Perhaps, but Norm and I have discussed this offline and part of the
problem stems from the fact that individual states have various laws
regarding the shipment of alcohol. One state that does not allow interstate
shipment of alcohol without all kinds of permits is California. This means
that technically, homebrewers in CA cannot legally send their beers to
competitions outside of their state. I think that we are not a strong
enough voice (we don't have enough people or money) to actually change any
laws. We certainly don't have the money or power of the neoprohibitionists
nor are we going to convince the major brewers to support our cause -- they
would much rather see Beer Across America, et. al. go belly up. I'm sure
that their lobby is stongly supporting MORE restrictive laws regarding the
interstate shipment of alcohol-containing beverages.
So let's be realistic about this. If we attract too much attention, without
a big war chest to counter-lobby Congress, the National Competition might
be legislated out of existance. And they don't have to catch each person
at the UPS counter -- all they have to do is raid the National Competition
staging area -- every bottle comes in with the entrant's name and address.
Somewhere, I read that it is legal to ship alcohol-containing beverages
for the purpose of analysis. I think that a strong legal case could be
made that competitions are nothing more than a group of certified judges
and apprentices analysing beer. However, we can never be quite sure of
who is paying attention to what we are doing. Talk to Bert Grant (or
better yet, David Koresh's mom) about the power of the BATF.
My personal position is to try to stay within the law and as long as the
US government chooses to stay indifferent about homebrew competitions, avoid
attracting unnecessary attention.
Date: Fri, 14 Oct 94 15:33:46 EDT
From: Gary S. Kuyat
Subject: NJ Homebrew Laws according to NJBABC
Full-Name: Gary S. Kuyat
Arrugh! That's all I can say about the ULTRA-RESTRICTIVE brewing laws
(or regulations?) in New Jersey! I spoke to a representative of NJ's Bereau of
Alcoholic Beverage Control, and she explained the "law" like this:
1) You Must have a permit to Brew Malt Berverages (different than wine)
The permit costs $3 and that's fine.

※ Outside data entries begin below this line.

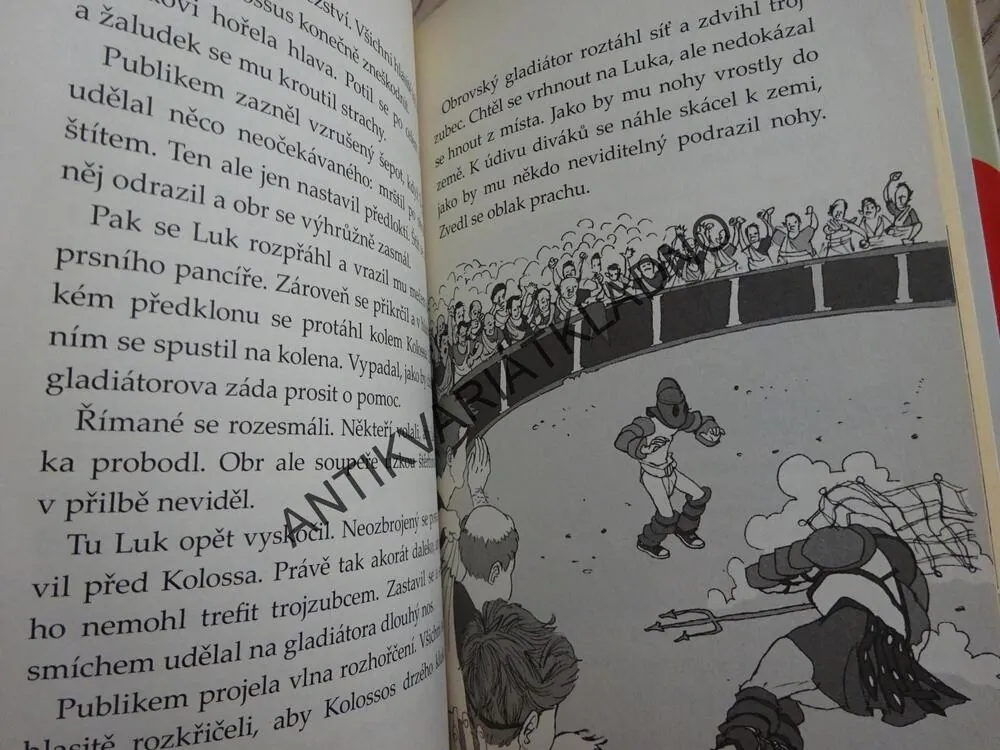 KLUB TYGRŮ, THOMAS BREZINA, GLADIÁTORŮV ZLATÝ POKLAD, VČ. LUPY, **an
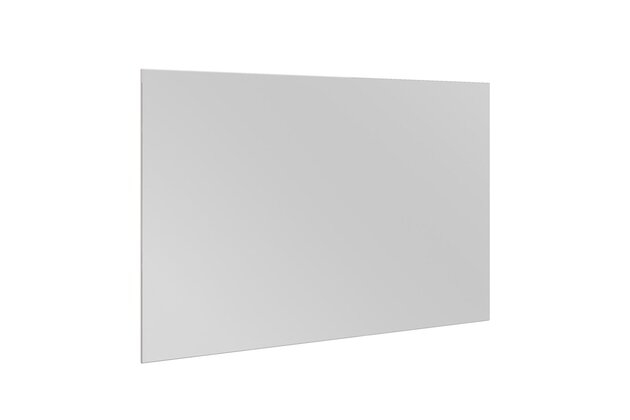Zrcadlo EBS Miana 100, na bílé desce, MIANA10070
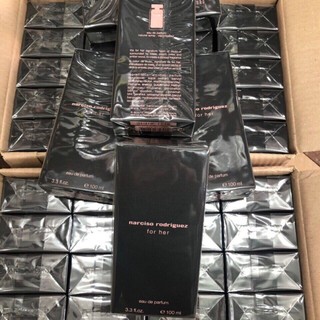 [Auth] Nước hoa Full Nữ NARCISO RODRIGUEZ - FOR HER - EDP - 100ML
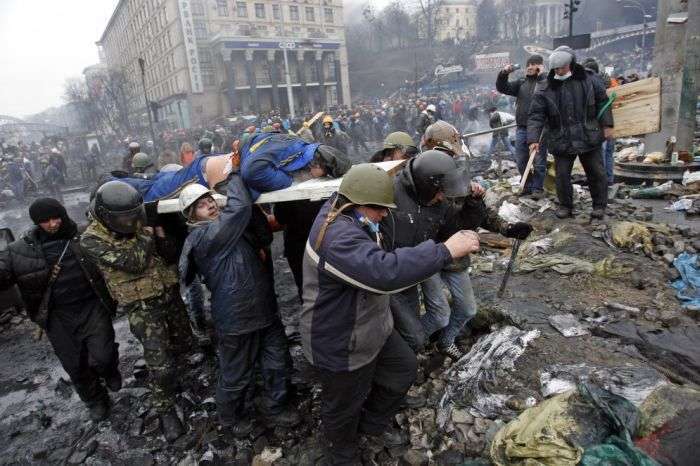2014 рік в Україні очима агентства Reuters (46 фото)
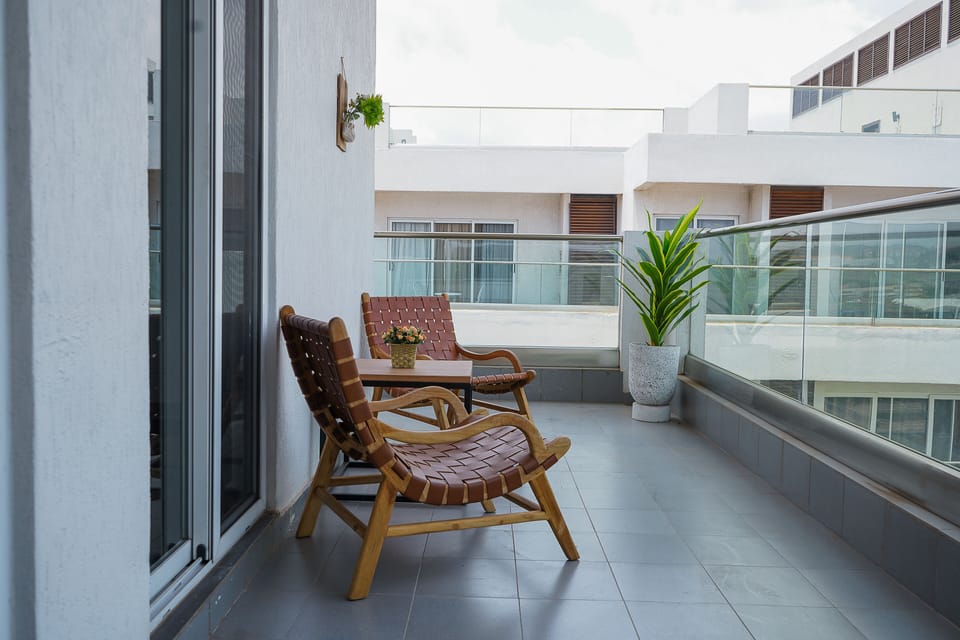 Apartment | Terrace/patio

You may produce 200 gal/year.
2) You may ONLY consume the beer you make at the address listed on the permit.
In other words, no homebrew meetings, no bringing your beer to a friend's
house, no bringing it out to dinner, no bringing it ANYWHERE!
3) Exception to #2 are "contests" where a NJBABC Social Affairs Permit has
been applied for and granted. A non-profit organization may obtain up
to a dozen of these per year.
This got added on when I asked about a contest our Homebrew club was
thinking of running.
Why, you may be asking, would this FOOL actually contact Big Brother on his
own, and make them aware of his existance? (And by the way, I don't see YOUR
name on our list of Communist Brewers...!) Well, as time goes on, our Club
has public interactions which may be noticed by the state. In fact we've been
told by a runner of a beer fest that we may not distribute free samples
according to NJBABC.
One thing that kinda stinks here is that nobody from this state organization
could point me to any LAWS that tell me, as a brewer, what I can and can't do.
They could not even send me anything in writing! (Shades of Grant's BATF run
in) When I finally pressed them, they said I should put all my questions in
writing, then they would decide what I could do. This sounds kinda goofy!
Could you imagine if traffic laws were done like this!?!! Does anybody know
how I can find out what is the LAW in NJ regarding this stuff? These folks
really sound like they're making this up as they go.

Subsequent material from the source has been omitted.